На Руси было всегда одно: топор да плаха

Столичные корреспонденты на далекое для них село давно уже не ездят — что им до этих вымирающих сейчас просторов? И центральные газеты до родной глубинки тоже больше не доходят — на кой они, пишущие о жемчужных войнах олигархов и эстрадных звезд, сдались там, где уже жрать нечего?

Страна словно покололась на отдельные угодья, треснула как чаша — из которой через ее трещины ушло какое-то причинное для жизни содержимое. Но мне за одним похоронным делом пришлось как-то побывать в одном сибирском захолустье, где на сельпе висела пригвожденная к двери бумажка: «Хлеба нет. Ни привезли». И точка — ни добавить, ни убавить.

Заночевал я у одинокого пенсионера, звать Захар Петровичем. Старик поджарый, аккуратный, в застиранной до белизны рабочей куртке, чуть хромой. Жена его недавно умерла, и он был рад развеять с кем-то свое одиночество. Перед сном мы с ним разговорились — о том насущном для еще живых селян «ни привезенном» хлебе, и я спросил: что, думает он, нужно, чтобы эти самые буханки привезли? И благообразный старец, проработавший всю жизнь бухгалтером, ответил фразой, от которой меня передернуло слегка:

— Военный человек, каратель. Поставит к стенке через одного — и будет правильно.

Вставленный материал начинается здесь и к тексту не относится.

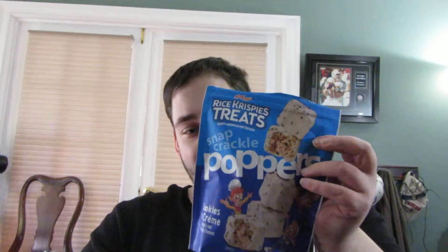This is the Rice Krispie Treats Snap Crackle Poppers. I literally just saw this on Instagram like a couple days ago, and then my parents got it for my birthday, which was yesterday as of filming this. I'll probably upload it right away, so as you're watching this, my birthday will have been yesterday.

— Хотите, чтобы опять зашло кровопролитие?

— А оно чичас и так идет. Сколь кругом убитых, сирот, беженцев, уже на мильоны счет в мирное время! Сколь, значит, и убийц, как сорняка, гуляет по земле!

— Откуда ж они, по-вашему, взялись?

— Бывает такой год на сорнотравье, только косами косить. Иначе все забьет, уж я эту породу знаю. Если хотите, расскажу, как у нас в старые еще года, на моих почти глазах, братья Спирины мать вешали. Деревня наша, тоже Спирино, была отсюда за пять километров. Теперь там одна крапива да кусты. Пытался фермер жить, да ничего не вышло. Деревня — это ж целый организм, наскоком хлеба не напашешь.

Наш дом был самый видный, в чистоте всегда — и в углу горницы в кадушке дерево росло, зеленое зимой и летом. Мать работала кладовщицей, отец крестьянин был. Человек настоящий, труженик, резкий только лишку. И еще до войны у них с матерью вышла ссора, он хотел ее топором зарубить, но не поднялась рука. Напился вусмерть — и спалил наш дом. Сослали его за поджог — и без возврата.

Но мать, хоть и намучилась за свою жизнь, ни разу его, даже в сердцах, не помянула худо. А вышло все у них через бригадира, блядуна. Он набивался к матери в любовники и застращал ее, что если только пикнет, сотрет нас в труху. Мать и молчала. Больно они с отцом жили хорошо — а зависть по пятам ходила. Капнул ему другой — вот он и не стерпел обиды.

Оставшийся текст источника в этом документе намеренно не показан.